● Assignment: What is needed is an exact copy of the entries below, with every picture left out.

━━━━━ Source material ━━━━━

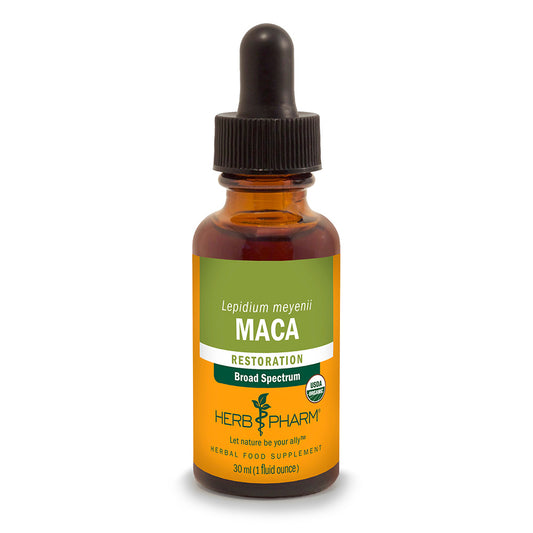 Herb Pharm_Maca Extract 30ml
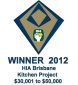 Sublime Architectural Interiors Australian Award Winning Kitchens and Bathrooms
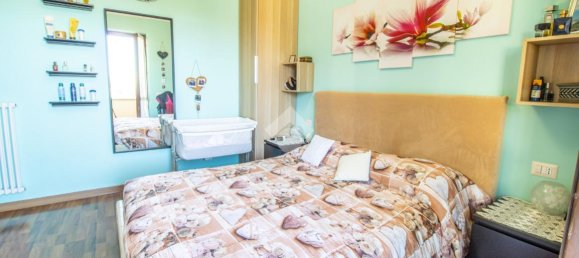 Apartamento de 3 divisões em Cantalupo in Sabina, Italy N.º 125282 15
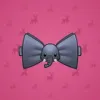 Bow Tie #2473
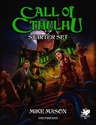 Call of Cthulhu (7th Edition): Starter Set 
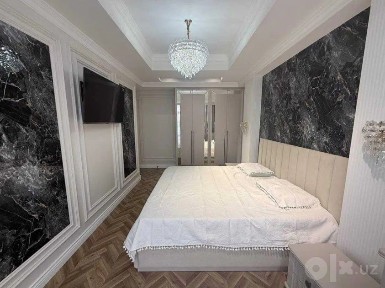 2х ком на улице Нукус ор-р посольство РФ в новостройке 2/3/8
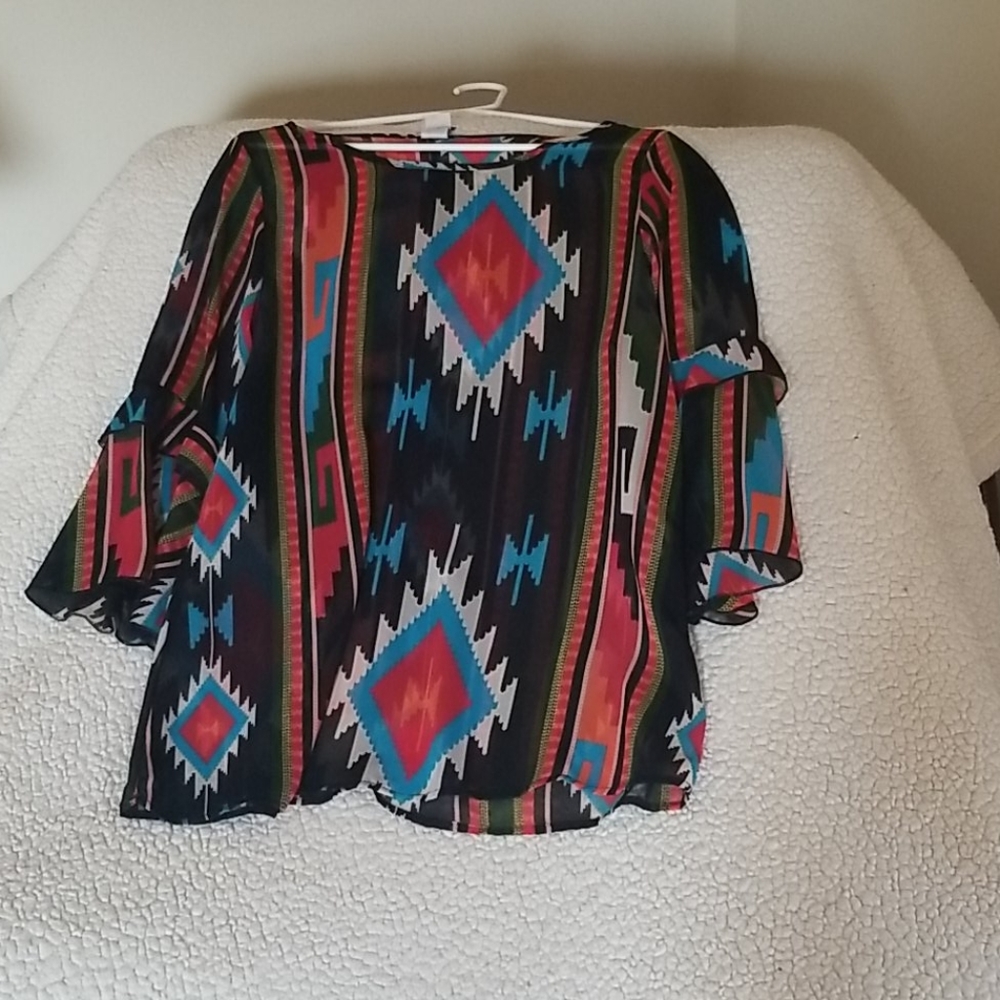 Blouse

━━━━━

● Written solution:
 Herb Pharm_Maca Extract 30ml
 Sublime Architectural Interiors Australian Award Winning Kitchens and Bathrooms
 Apartamento de 3 divisões em Cantalupo in Sabina, Italy N.º 125282 15
 Bow Tie #2473
 Call of Cthulhu (7th Edition): Starter Set 
 2х ком на улице Нукус ор-р посольство РФ в новостройке 2/3/8
 Blouse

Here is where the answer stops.